Мы немного поговорили о (до)рефлексивном, которое является своего рода предсознательным, если вам больше нравится менее точная терминология. Итак, у вас есть три состояния сознания: (до)рефлексивное (я что-то делаю); рефлексивное (кто-то спрашивает: «Что ты делаешь», а я отвечаю: «Я делаю это»); а затем у вас есть чистая рефлексия. Это когда вы заняты тем, что думаете о себе нечто, что, скажем так, является неверным. В чистой рефлексии вы вдруг осознаете, почему вы на самом деле это делаете, что на самом деле происходит, гегелевскую Sache selbst *.


* Сама суть дела (нем.).

Мы так и не добрались до вопроса о самообмане. Возможно, именно этим словом Сартр обозначает бессознательное. Самообман — это то, как я избегаю знания тех вещей о себе, о которых знать не хочу, и это понятие связано с вопросом этики. Мы еще к этому вернемся, но самообман также будет связан с вопросом подлинности. Большую часть времени, говорит Сартр — и Хайдеггер с ним согласен,— мы неподлинны. Мы пребываем в неподлинности, у которой время от времени удается отвоевать немного подлинности. Не то чтобы мы могли стать подлинными, а потом навсегда превратиться в героев. Так не бывает. Завоевание момента подлинности очень тесно связано с тревогой и происходит в ситуациях, которые Сартр называет пограничными. Но не забывайте, что он драматург, интересующийся ситуациями, в которых проявляется наше примирение с собственным выбором.

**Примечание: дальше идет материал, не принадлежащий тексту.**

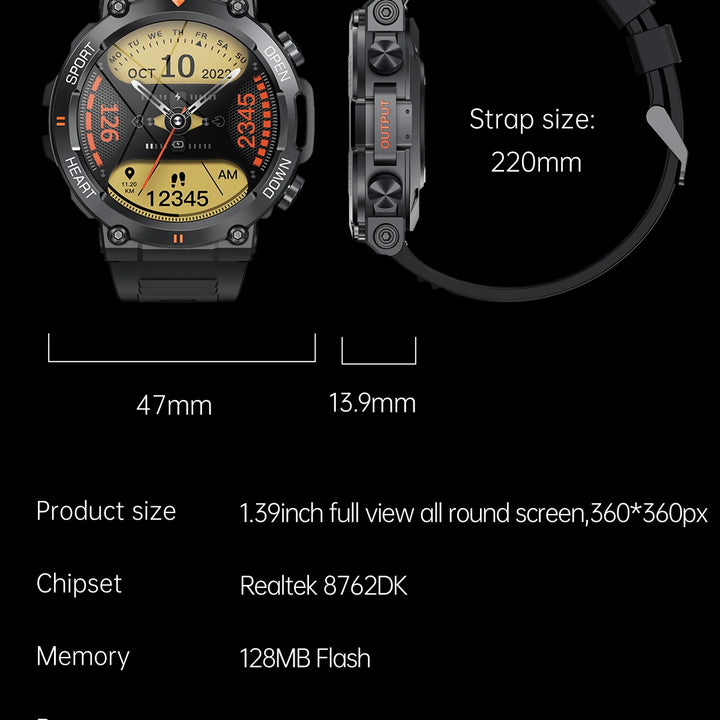 K56Pro Smartwatch – 1.39" HD Screen, Heart Rate, Sport, Long Battery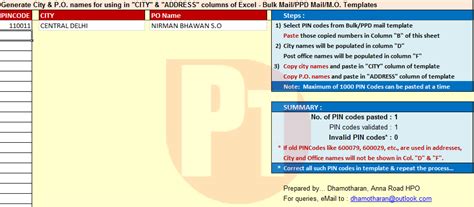 Generate City Name from Pincode for Bulk Upload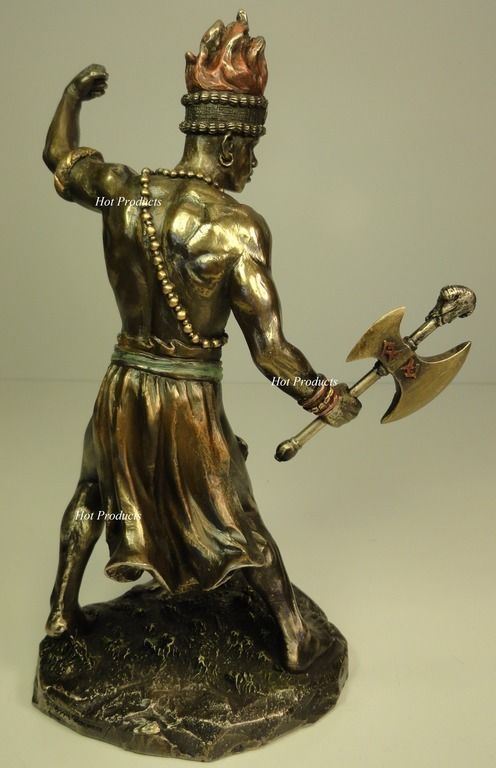 Orisha Chango Shang God of FIRE Yoruba African Statue Sculpture Bronze Finish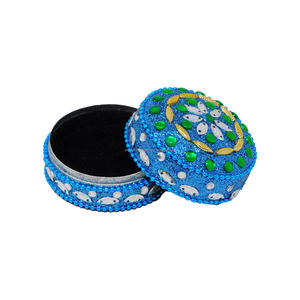 Boîte à bijoux artisanale en laque perlée pour emballage cadeau de luxe, boîte à dragées de mariage, boîte à pilules ronde dorée - Product Image 6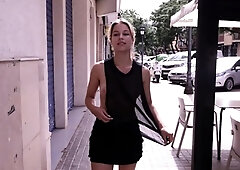 Naughty amateur teen flashing her perky tits in public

Еще одна пара обычных слов, вновь и вновь встречающихся в этих текстах,— «трансцендентное» в противовес «трансцендентальному». Трансцендентное — очень простое философское слово, которым Сартр обозначает то, что является объектом сознания. Это то, что трансцендирует сознание. Сознание — это ничто, сознающее нечто, и то, сознанием чего это ничто является, его трансцендедирует. И зачем для этого нужно слово? Читая Сартра, вы поймете зачем. Но это техническое философское выражение. С другой стороны, трансцендентальное — это идеологическое выражение. Оно означает идеализм. Ситуация станет еще более запутанной, когда мы будем говорить о Канте, но важно понять, как Сартр использует два этих похожих термина. В этом контексте также важно поговорить о гуманизме и прочем, мы можем сделать это в следующий раз. Вот лишь некоторые из терминов, о которых я хотел вам рассказать.

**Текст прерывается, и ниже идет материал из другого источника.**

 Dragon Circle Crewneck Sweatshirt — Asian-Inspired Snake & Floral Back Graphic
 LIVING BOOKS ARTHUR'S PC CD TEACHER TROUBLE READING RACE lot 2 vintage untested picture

Сегодня на этом всё. К вопросу о самообмане мы еще вернемся. Затем мы займемся проблемой взгляда, а потом попытаемся разобраться с тем, что из нее вытекает, а именно с группами и отношением к коллективности.

 

26 января 2021

9. Сартр Ж.-П. Основополагающая идея феноменологии Гуссерля: интенциональность // Проблемы метода. Статьи / пер. В. Гайдамака. М.: Академический проект, 2008. C. 177–180.

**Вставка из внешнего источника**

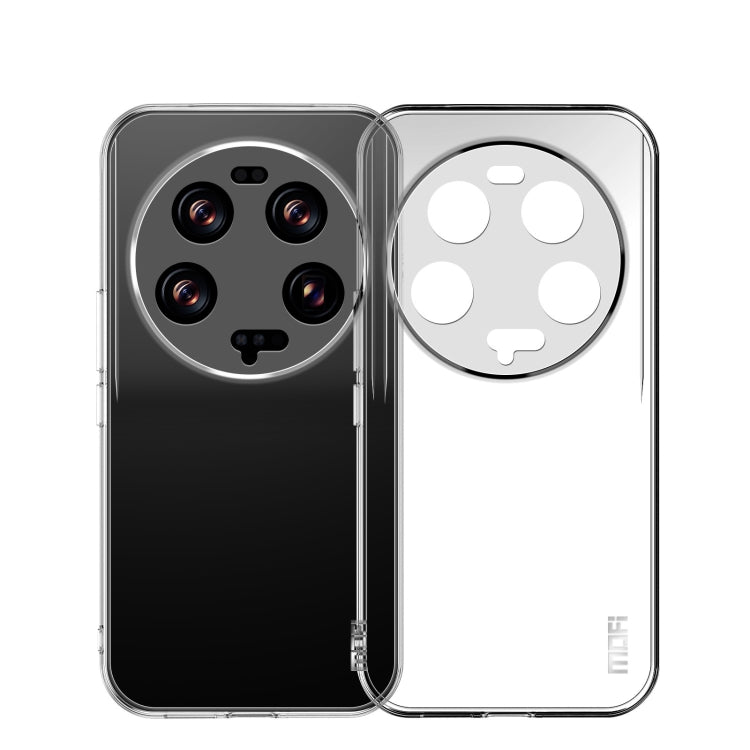 Clear TPU phone case for Xiaomi 13 Ultra, with camera cutouts and raised rim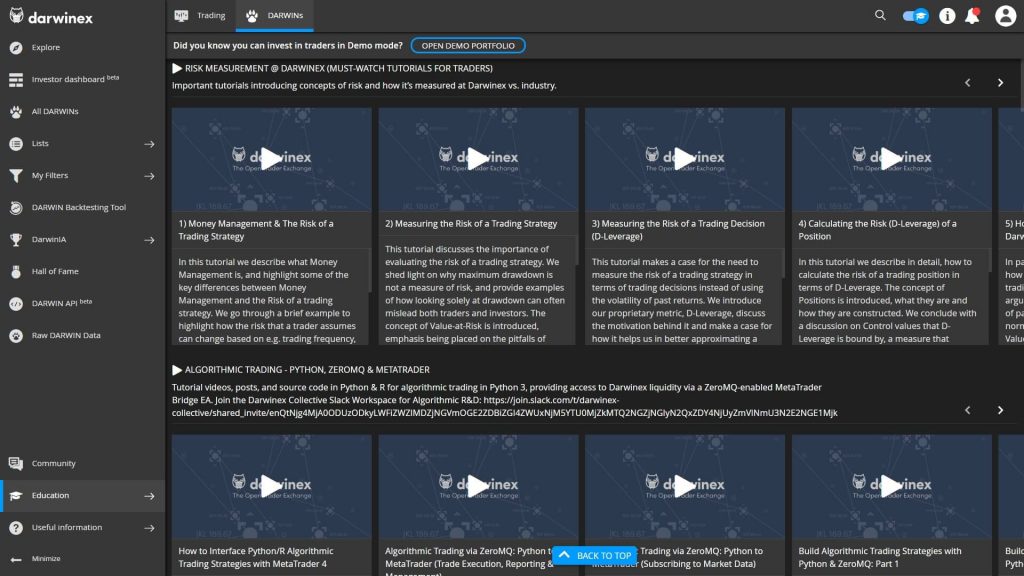 video tutorials on the darwinex website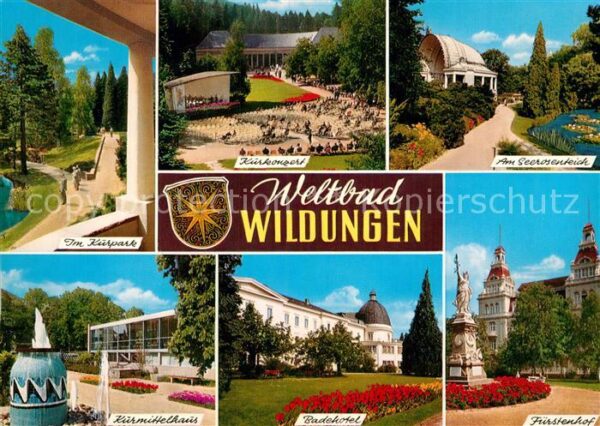 Wildungen Bad Kurpark Kurkonzert Seerosenteich Kurmit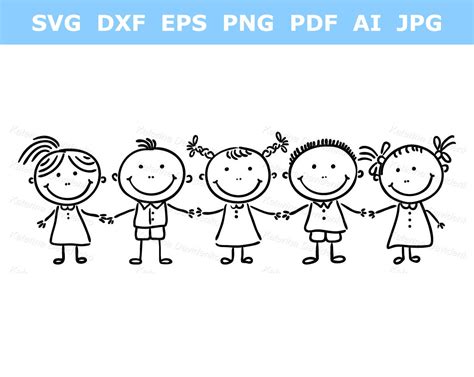 Stick Figure Kids Clipart Black And White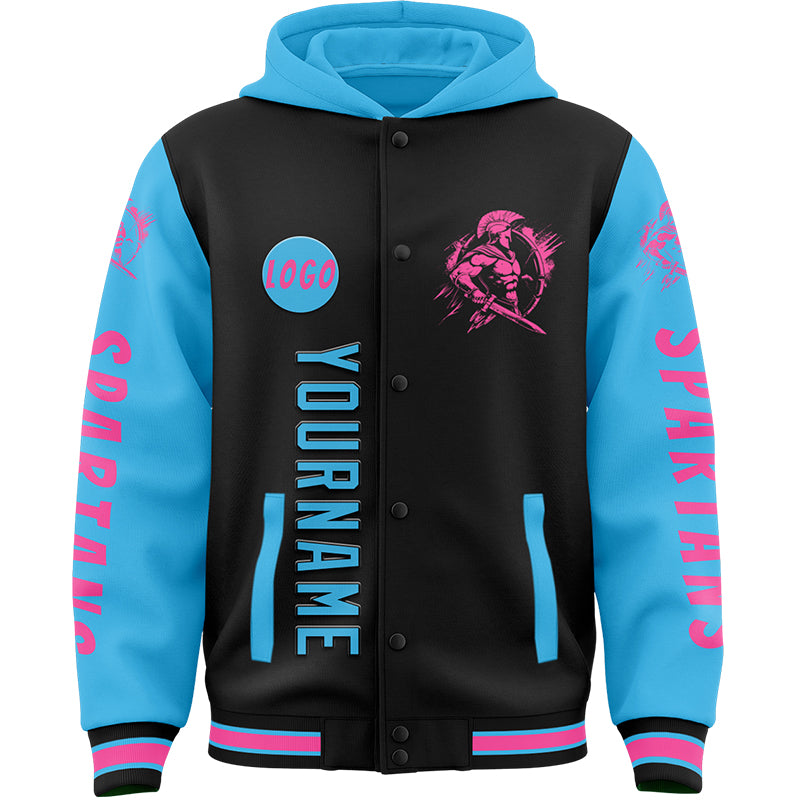 Custom Black Sky Blue Spartan Warrior Bomber Full-Snap Varsity Letterman Two Tone Hoodie Jacket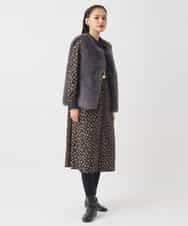 R7YAD13180 HIROKO BIS(小さいサイズ)(メゾン ドゥ サンク) 【小さいサイズ】シャギーフェイクファージレ ダークグレー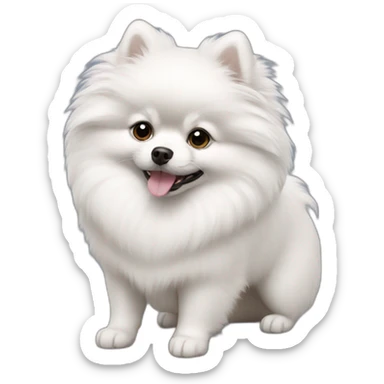 White pomeranian sticker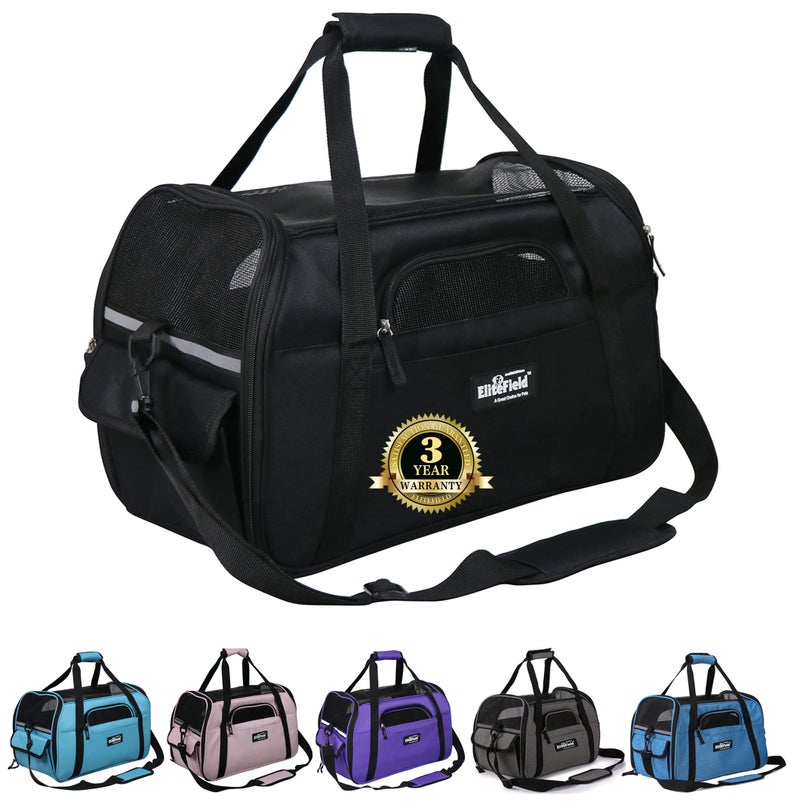 EliteField Soft Sided Pet Carrier (3 Year Warranty, Airline Approved), Multiple Sizes and Colors Available (Medium: 17" L x 9" W x 12" H, Black) - Image 1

10. Сартр Ж.-П. Бытие и ничто: опыт феноменологической онтологии / пер. В. Колядко. М.: Республика, 2000. C. 616.

12. Сартр Ж.-П. Бытие и ничто: опыт феноменологической онтологии / пер. В. Колядко. М.: Республика, 2000. С. 276–323.

11. Там же.

3 Овеществление или инаковость
Сартр

Сегодня я попытаюсь рассмотреть всё это в перспективе истории философии, а затем — того ее отрезка, которым является французская теория. Можно считать, что этот период длится до сих пор, то есть уже семьдесят лет, но по сути он продолжался пятьдесят лет с выхода «Бытия и ничто». Если говорить об этом в более широком контексте развития философии, то можно начать с обсуждения идеи субстанции. Это предполагает, что базовой темой, отталкиваясь от которой можно рассматривать философию, является субъект-объектный раскол, как мы увидели на примере Сартра, к которому мы еще вернемся. С точки зрения многих современных философов, античные и традиционные западные мыслители зациклились на аристотелевской идее субстанции. Аристотель был ботаником, биологом. Он хотел установить конкретные вещи, виды, дать им названия. Поэтому понятие субстанции играет центральную роль у Аристотеля, да и у Платона, ведь идеи — это идеи вещей; они как вещи. Это понятие проходит через всю западную философию, вплоть до современного периода, который начинается с Ницше. Современные философы по-разному выражают отказ от понятия субстанции. Например, Альфред Норт Уайтхед (чьи идеи были возрождены в последнее время) выразил его очень решительно: современная философия стремится избавиться от центрального значения идеи субстанции и заменить ее идеей процесса. То есть важны не столько сами вещи, сколько их взаимоотношения, которые всегда процессуальны.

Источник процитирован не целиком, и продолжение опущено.